On May 8, 2015, Talisman also entered into a $1.0 billion revolving facility with Repsol Energy Resources Canada, Inc. The facility matures on May 8, 2018 and bears an interest rate of LIBOR+1.20%. As at September 30, 2015, $754 million has been drawn under this facility. Interest expense related to the facility recognized by Talisman during the quarter was $3 million.

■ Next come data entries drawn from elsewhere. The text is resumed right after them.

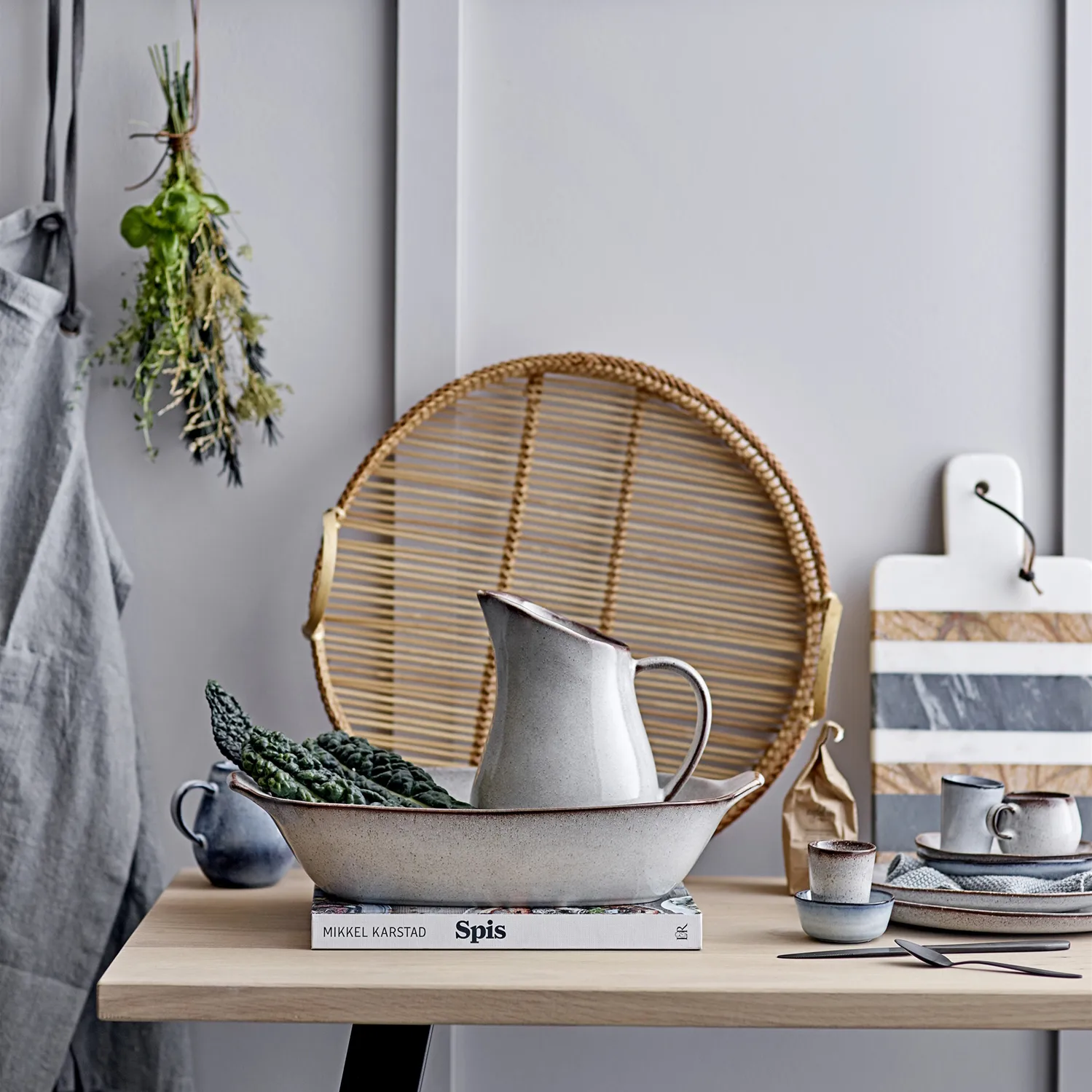 Plateau en bambou Bloomingville Set, Nature Bloomingville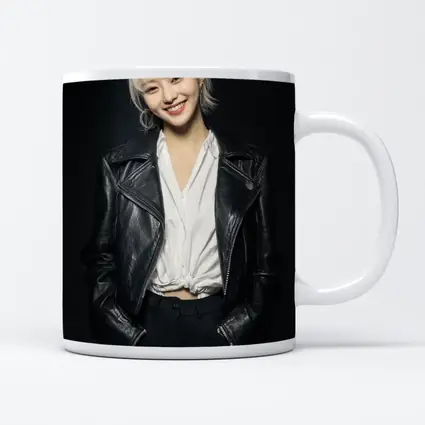 Smiling Young Woman Black Leather Jacket Dark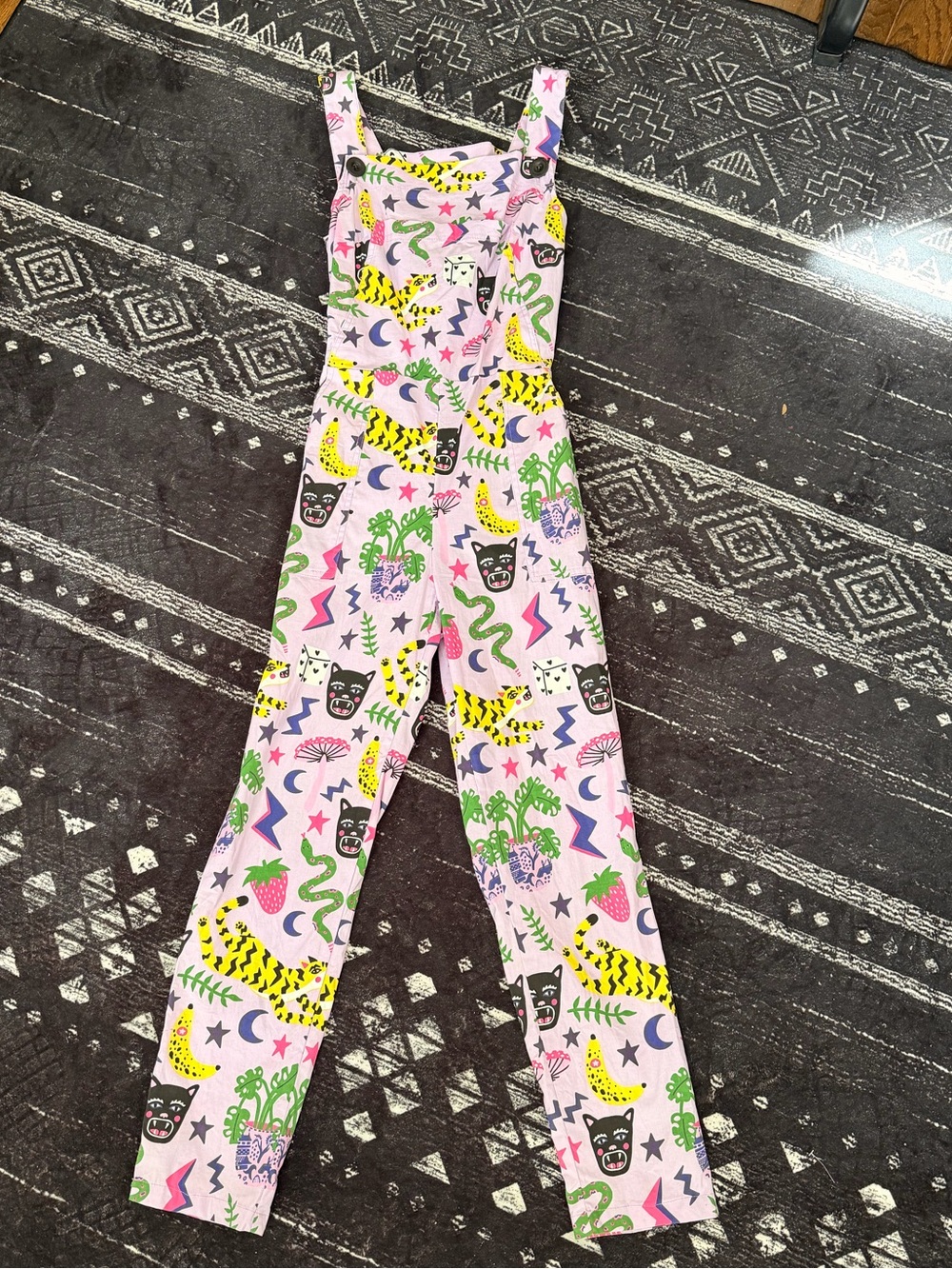 Nooworks Pink Printed Overalls with Multicolor Motifs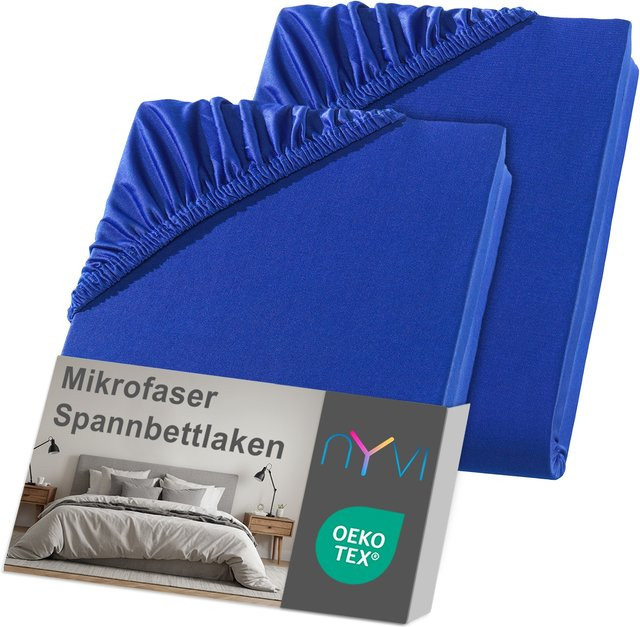 NYVI DreamScience Spannbettlaken aus Mikrofaser, 2er Pack, Farbe: Royalblau, B/T: 180 x 200 cm, Höhe: 40 cm - Bild 1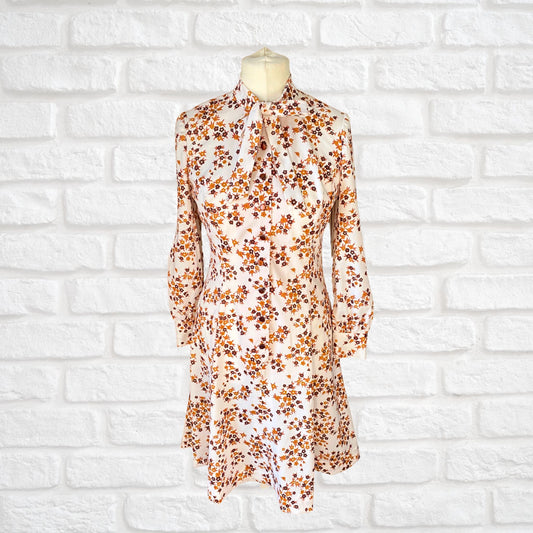 Vintage Cream and Brown Floral Print Dress with Tie Neck. Approx UK size 12-14
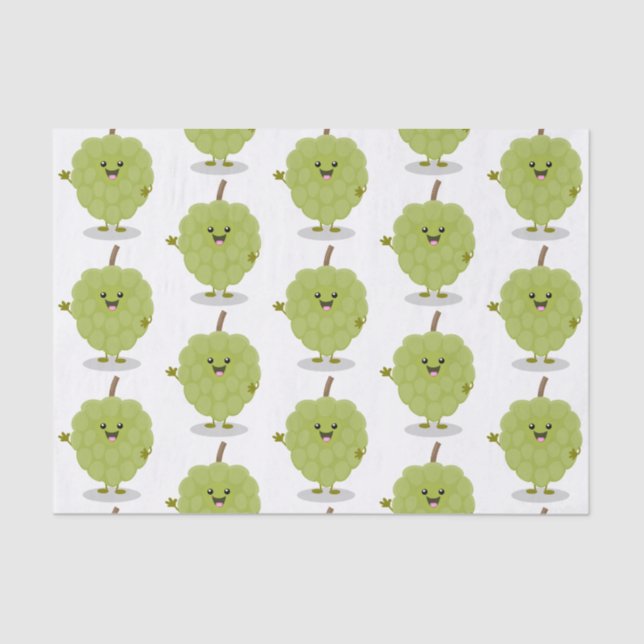 Cute custard apple cherimoya cartoon tissue paper (Front)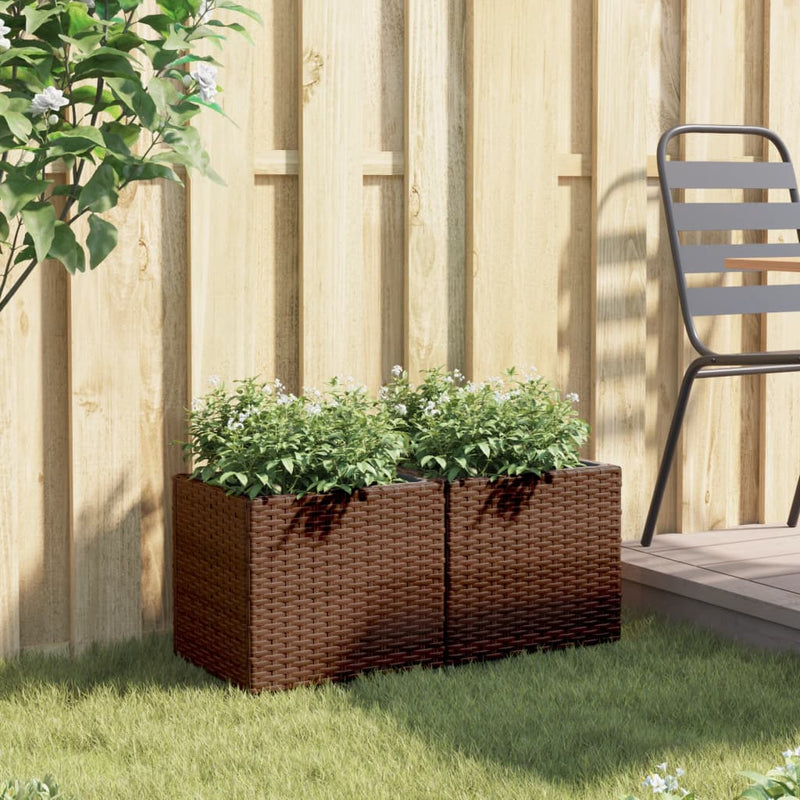 vidaXL 2 db barna polyrattan kerti ültetőláda 36x30x32 cm
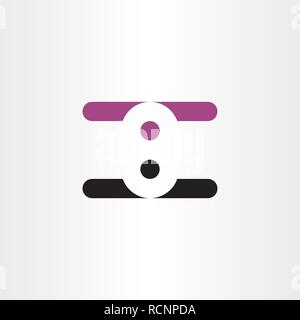 number eight 8 logo negative space design logotype Stock Vector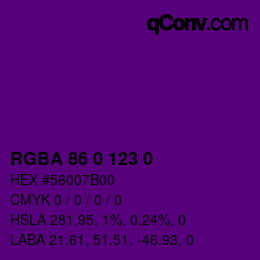Farbcode: RGBA 86 0 123 0 | qconv.com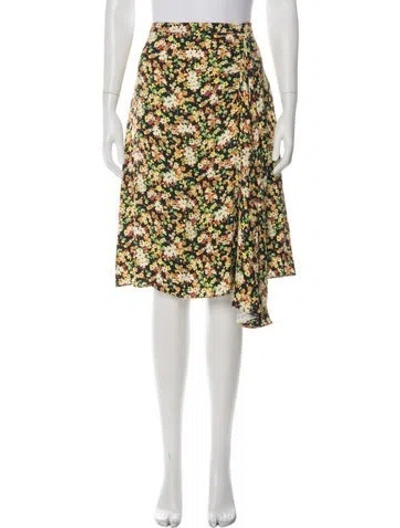Pre-owned Marni Floral Print Midi Length Skirt In Green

The nature and scope of related party transactions could increase in future periods as integration activities with Repsol continue. Specifically, changes for technical and administrative support as well as further asset transactions may occur.
Southeast Asia
Talisman entered into a commitment in 2001 to sell gas of 367.5 mmbtu daily in the Corridor Block in Indonesia to Gas Supply Pte. Ltd (“GSPL”), a subsidiary of Repsol’s significant shareholder Temasek Holdings Limited (“Temasek”). The commitment matures in 2023. As a result of Repsol’s acquisition of Talisman on May 8, 2015, GSPL and Temasek became Talisman’s related parties. Since May 8, 2015, Talisman gas sales to GSPL totaled $93 million (net Talisman’s share). As at September 30, 2015, the amount included in accounts receivable as a result of this commitment was $20 million.
Other
In June and August 2015, Talisman (Algeria) B.V. (“TABV”) entered into Sale and Purchase Agreements with Repsol Trading S.A., a subsidiary of Repsol, under which TABV sold to Repsol approximately 615,000 barrels and 269,000 barrels of Saharan Blend Crude Oil for $38 million and $12 million, respectively. As at September 30, 2015, there were no outstanding receivable balances as a result of these transactions.
In July 2015, Talisman (Colombia) Oil and Gas Ltd. (“TCOG”) entered into a Sale and Purchase Agreement with Repsol Trading S.A., a subsidiary of Repsol, under which TCOG sold to Repsol approximately 229,000 barrels of Crude Oil for $11 million. As at September 30, 2015, there were no outstanding receivable balances as a result of this transaction.
TSEUK
The shareholders of TSEUK have provided an unsecured loan facility totaling $2.4 billion to TSEUK, of which Talisman is committed to $1.2 billion, for the purpose of funding capital expenditures of TSEUK. In January 2015, an agreement was reached by the shareholders of TSEUK, in which the quarterly principal and interest payments of the facility were deferred until July 31, 2015.
In July 2015, the shareholders of TSEUK agreed to subscribe for common shares of TSEUK in the amount of $1.1 billion, of which Talisman’s share was $541 million, which settled remaining shareholder loans of $1.0 billion and accrued interest of $52 million, of which Talisman’s share was $514 million and $27 million, respectively. There was no loan balance outstanding as at September 30, 2015.
In June 2015, the shareholders of TSEUK provided a new equity funding facility of $1.7 billion, of which Talisman is committed to $867 million, for the purpose of funding capital, decommissioning and operating expenditures of TSEUK. This facility is effective from July 1, 2015 and expires on December 31, 2016. During the three month period ended September 30, 2015, the shareholders of TSEUK agreed to subscribe for common shares of TSEUK in the amount of $190 million under this facility, of which Talisman’s share was $97 million.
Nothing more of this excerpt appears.